Yep, that's the way I do it too!


----------



## texasgirl

Thanks, I figured that was the best way,  but, wanted to make sure. Theres 5 1/2 lbs and I didn't want to mess up.


----------



## Otter

I tend to defrost most things in the refer. With shrimp, however, they seem to get waterlogged due to sitting in the dissolved ice water for a prolonged time. With 5.5 lbs, I would definitely pass on the refer and go the sink route.


----------



## daisy

It's best to defrost seafood, including fish, in milk, in the fridge. For some reason, the milk returns the 'freshly caught' flavour that seafood loses after being frozen. You can use the soaking-milk to make a white sauce afterwards, if desired, to serve with the seafood.


----------



## kitchenelf

daisy said:
			
		

> It's best to defrost seafood, including fish, in milk, in the fridge. For some reason, the milk returns the 'freshly caught' flavour that seafood loses after being frozen. You can use the soaking-milk to make a white sauce afterwards, if desired, to serve with the seafood.

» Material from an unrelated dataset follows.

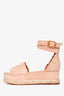 Chloe Beige Suede Leather Scallop Detail Sandals Size 38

That's very interesting daisy - I will try that next time I thaw seafood.  The white sauce has to be great!!!!


----------



## cats

Daisy - That's an interesting method using milk when defrosting fish. I've never heard or read of that. Does it work for all seafood?  We generally eat froz. shrimp and scallops here, but fresh tilapia otherwise. I do think I would toss out the milk afterwards tho'.


----------



## RosCoe

Back when I  used to fish a lot milk was the way we did it. It would remove any fishy taste from filets and was really good for big redfish. 
Ross


----------



## lyndalou

I have used milk to soak anchovy fillets , but I have never heard of thawing seafood or any fish in it. Very interesting. I think I'd also toss the milk afterward.


----------



## GB

I have heard of soaking fish in milk, but not thawing in milk. Very interesting indeed!


----------



## crmos8

I had a newbie line cook once that decided that if cold running water was good for thawing green shrimp, hot water could only be better. He tried it once...........just once.


----------



## masteraznchefjr

crmos8 said:
			
		

> I had a newbie line cook once that decided that if cold running water was good for thawing green shrimp, hot water could only be better. He tried it once...........just once.


 
lol. 

i microwave to defrost sometimes if im in a hurry. if im not ill just leave it in the fridge to thaw


----------